@kerensa: I’m not European (Kiwi with an American FI), but I figured I’d respond, as our system is more similar to Europe than the US, although there are definately areas in which ,we are closer to the US and, like any country, areas that can be improved on. Disclaimer: I haven’t actually lived in NZ for 2 1/2 years, and won’t be living there in the forseeable future, so things may be out of date. Here in Japan my situation is odd, so not worth commenting on.
A quick google search states that in NZ the top tax bracket is 33%, for any money earned over $70K New Zealand (about 55K US). The brackets below that are 30% (over 48K NZ), 17.5% (over 14K) and 10.5% (under 14K). GST (sales tax) is 15%. We don’t have a federal/ state system, because the whole country is smaller than a number of your states. Compared with the US, the minimum wage is higher, but the average wage is lower.
For this there is universal healthcare (we have to pay a small amount for a GP visit, and have an optional private system. All prescriptions are $5NZ ($4US approx) and all in hospital care is free), 20 hours per week free childcare for over 3s, in centres with mostly bachelor degree qualified teachers, 14 weeks paid maternity (fairly low amount though, around minimum wage if I remember), subsidised univerisity education, interest free student loans (so long as you are in NZ) and a student living allowance if you meet specific criteria that I never met.
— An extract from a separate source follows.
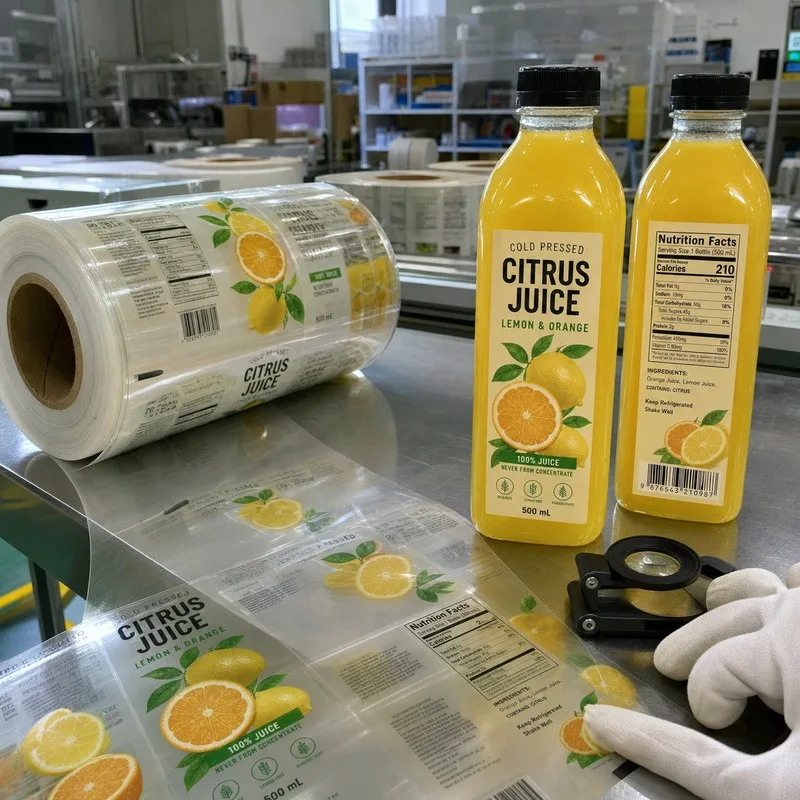 Clear BOPP juice label material showing no-label look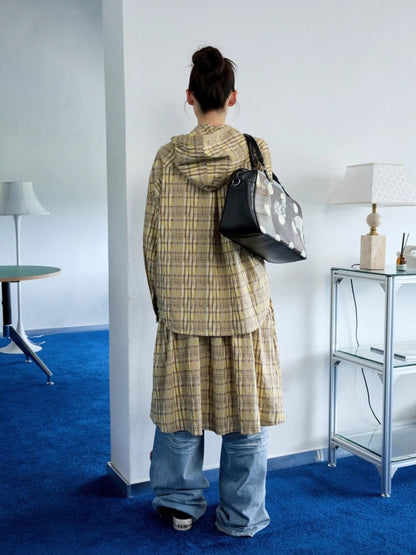 Vintage Plaid Hooded Ribbon Shirt & Drawstring Skirt & Wide Leg Pants Set【s0000013859】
The pension is also paid out of taxes, but there is a new savings scheme in place, so it may be different in the future.
As a law there must be 4 weeks paid holidays, 11? public holidays if they fall on a work day (if you work on one you get paid time and a half, and get to take a different, paid day off), and the option of having one year off for maternity leave.
There are some things NZ doesn’t pay for with taxes that the US does. NZ doesn’t have the food or oil subsidies the US has, and as a result these are VERY expensive. There are no mortgage interest tax credits in NZ, to my knowledge. The armed forces are also much, much smaller.
Neither country is perfect, but it is interesting to see what your tax “buys” in different countries!